ATHENS, Greece (AP) — The head of Greece's radical left-wing Syriza party, who has a strong chance of winning Greece's critical weekend elections, insisted on Tuesday that the continued implementation of the country's bailout conditions would be catastrophic.
Alexis Tsipras, whose party came a surprise second in inconclusive May 6 elections, said he would stick to his pledge to tear up Greece's bailout deal, saying the austerity the country has been forced to impose in return for billions of euros in rescue loans was leading Greece towards collapse.
If Greece reneges on its pledges to reform its economy, the other European countries and International Monetary Fund who have extended it billions of euros in rescue loans could pull the plug on the funding, forcing the country out of Europe's joint currency.
But Tsipras said he hoped to convince European leaders that such a scenario would pose a danger to the continued existence of the 17-nation joint currency itself.
"If one of the 17 countries is brought to collapse ... the fire will become unquenchable and will not be limited to Greece and the southern countries ... it will break up the eurozone and that will not be in anybody's interests," he said during a news conference.
No party won enough votes on May 6 to form a government, and coalition talks collapsed after 10 days, leading the country to hold a repeat ballot on June 17. Opinion polls published before a two week pre-election ban showed Syriza neck-and-neck with the conservative New Democracy party, which came first on May 6.

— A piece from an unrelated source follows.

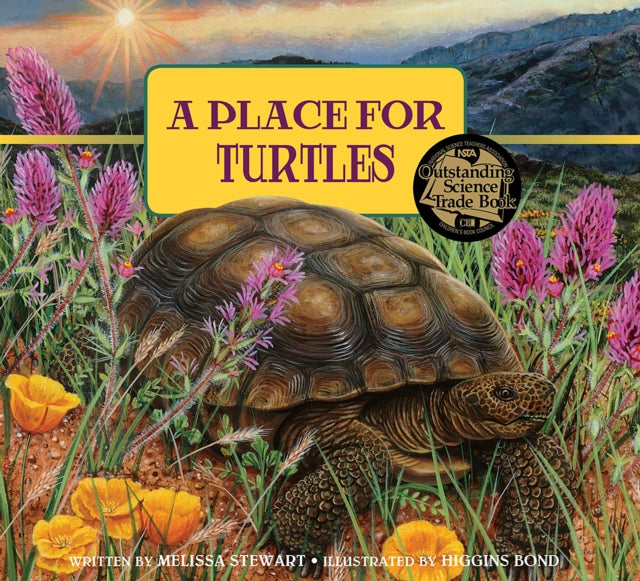Place For Turtles A By Stewart, Melissa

However, they indicated that again no party would win enough Parliamentary seats to form a government. This means that unless parties can agree on a coalition government, a third election will have to be held.
Tsipras insisted that a government must be formed fast, without the drawn-out negotiations that occurred in May.
"The country must have a government on the 18th," he said. "Not on the 19th, not on the 20th or the 21st."
Burdened by a massive debt and huge budget deficit, Greece has been dependent on the EU-IMF rescue loans since May 2010, when it became locked out of the international bond market by sky-high interest rates.
The country has continued raising small amounts through treasury bill sales. On Tuesday, it raised €1.625 billion ($2 billion) in an auction of 26-week treasury bills, but at a relatively hefty interest rate that rose from a similar debt sale last month.
Tuesday's auction saw the yield increase to 4.73 percent from 4.69 percent in the last such auction on May 8. Demand was 2.14 times the amount on offer, weaker than in May, when it was 2.6 times the offer.